Delphi creditors committee asks court to deny company's 'wholesale surrender' to GM

By Caroline Salls

Pittsburgh, Sept. 22 - Delphi Corp.'s official committee of unsecured creditors raised objections to the company's amended global settlement and master restructuring agreements, accusing Delphi of handing over control to GM, according to Monday filings with the U.S. Bankruptcy Court for the Southern District of New York.

According to the objection, "what the debtors cast as $10.6 billion in net value being provided by GM is in fact no more than GM accepting liability it already has, which it will pay for in large part with liquidity in its pension plans it could not otherwise access, and which only partly makes up for the massive losses generated by years of GM forcing the debtors to sell parts below cost."

Specifically, the committee said of the $10.6 billion of net contributions that GM has agreed to provide, roughly $9 billion relates to GM's assumption of hourly pension and other liabilities that GM is already obligated to pay.

In addition, the committee said GM is not really paying for the assumption of any of the pension liabilities. Rather, the committee said GM is using "the multi-billion overfunding in its own pension plans to cover the pension liabilities that are being transferred by the debtors."

The committee said the company wants the court to believe that GM is entitled to "massive allowed administrative expense and unsecured claims and a release, which collectively give GM total control over the outcome of these cases," although GM has saddled Delphi with onerous labor contracts from the company's inception.

"The simple fact is that the debtors have once again knuckled under GM's demands, completely failing to avail themselves of any of the leverage at their disposal," the committee said in the objection.

The committee said the amendments will give GM extraordinary consideration in exchange for entering into transactions that are already extremely beneficial to GM.

"These agreements represent no less than the complete abdication by the debtors of all control over their destiny, without regard to the consequences to their unsecured creditors," the committee said in the objection.

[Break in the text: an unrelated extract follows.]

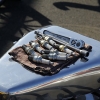 bixby_knolls_dragster_expo_2011_098_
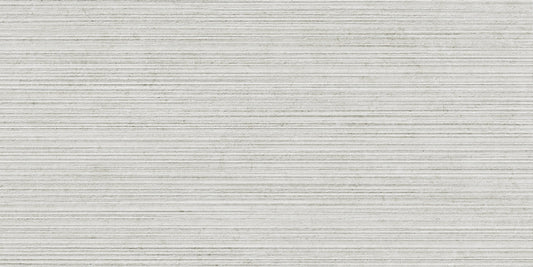 MOCKUP OSTUNI LINE GREY 60X120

"This court should not countenance such a wholesale surrender."

If the amendments are approved, the committee said Delphi's "unsecured creditors would be left holding the bag, potentially facing a paltry recovery or no recovery at all."

Also, the committee said the amendments constitute an improper "sub rosa" plan of reorganization because they set many of the key terms of a plan, including details on what GM will receive under a Delphi plan.

"The debtors are seeking to freeze critical elements of a plan into place and to give GM extraordinary control over the plan process," the committee said in the objection.

A hearing on the global settlement and master restructuring agreement amendments is scheduled for Tuesday.

Delphi, a Troy, Mich.-based automotive electronics manufacturer, filed for bankruptcy on Oct. 8, 2005. Its Chapter 11 case number is 05-44481.